Accounting & Audit
AICPA Issues New Definition of the Concept of Materiality
The purpose is to align the materiality concepts discussed in AICPA Professional Standards with the description of materiality used by the U.S. judicial system, the auditing standards of the Public Company Accounting Oversight Board...
Dec. 05, 2019
The American Institute of CPAs (AICPA) Auditing Standards Board (ASB) has issued Statement on Auditing Standards No. 138, Amendments to the Description of the Concept of Materiality, and Statement on Standards for Attestation Engagements No. 20 of the same title to amend various AU-C and AT-C sections in AICPA Professional Standards.
“These standards impact the CPA’s reports because the new reports include a description of when misstatements are considered material,” said Bob Dohrer, CPA, CGMA, AICPA Chief Auditor. “These standards make the description of materiality consistent across the United States. The changes are not expected to significantly affect practice here.”
The ASB’s current description of the concept of materiality is consistent with the definition used by the International Accounting Standards Board and the International Auditing and Assurance Standards Board.
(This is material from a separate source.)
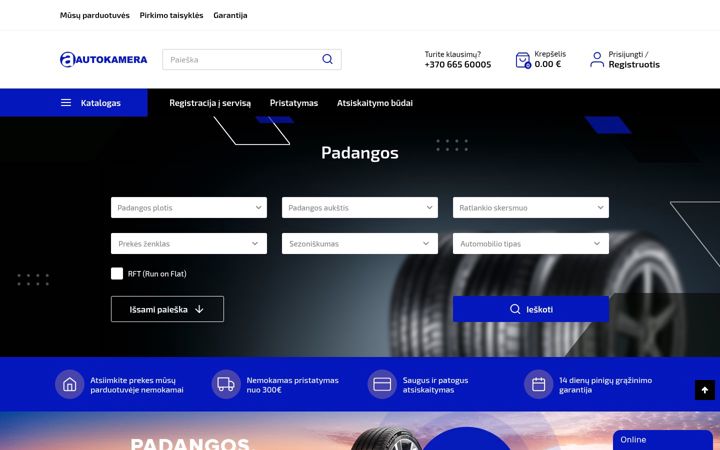 Posnetek zaslona autokamera.lt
These pronouncements align the materiality concepts discussed in AICPA Professional Standards with the description of materiality used by the U.S. judicial system, the auditing standards of the Public Company Accounting Oversight Board (PCAOB), the U.S. Securities and Exchange Commission, and the Financial Accounting Standards Board (FASB).
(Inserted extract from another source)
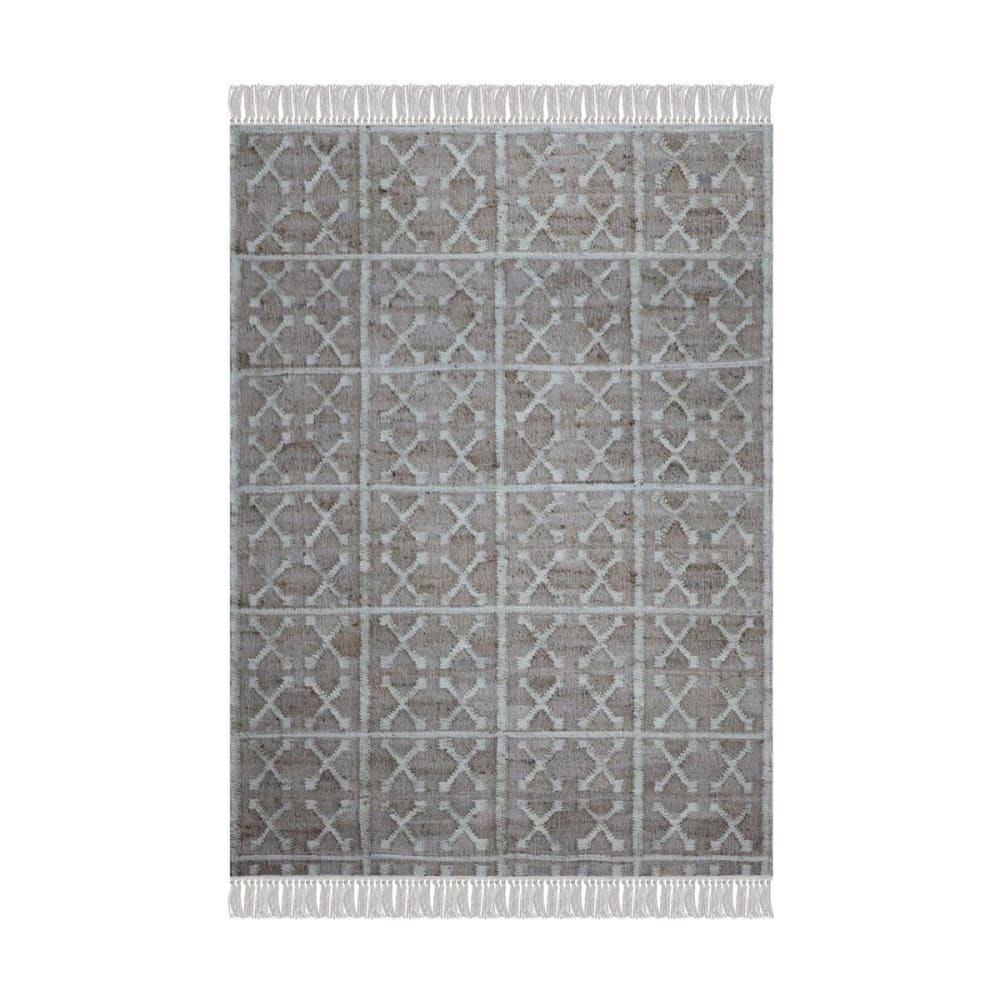 Alfombra de yute y algodón trenzado motivos arena 140 x 200 cm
The ASB believes it’s in the public interest to eliminate inconsistencies between the AICPA Professional Standards and the description of materiality used by the U.S. judicial system and other U.S. standard setters and regulators. Because the revised definition is aligned with the FASB, it is substantially consistent with current U.S. firm practices with respect to determining and applying materiality in an audit or attest engagement. Accordingly, U.S. practice is neither expected nor intended to change.
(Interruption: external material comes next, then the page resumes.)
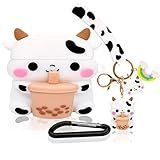 Cute Boba Tea Cow Food Airpods 3 (2021) Case Cover, 3 in 1 3D Cartoon Funny Kawaii Anime Protective...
The revised description of materiality is as follows:
Misstatements, including omissions, are material if there is a substantial likelihood that, individually or in the aggregate, they would influence the judgment made by a reasonable user based on the financial statements.
The SAS and SSAE become effective for periods ending, or for practitioners’ examination or review reports dated, on or after December 15, 2020, respectively.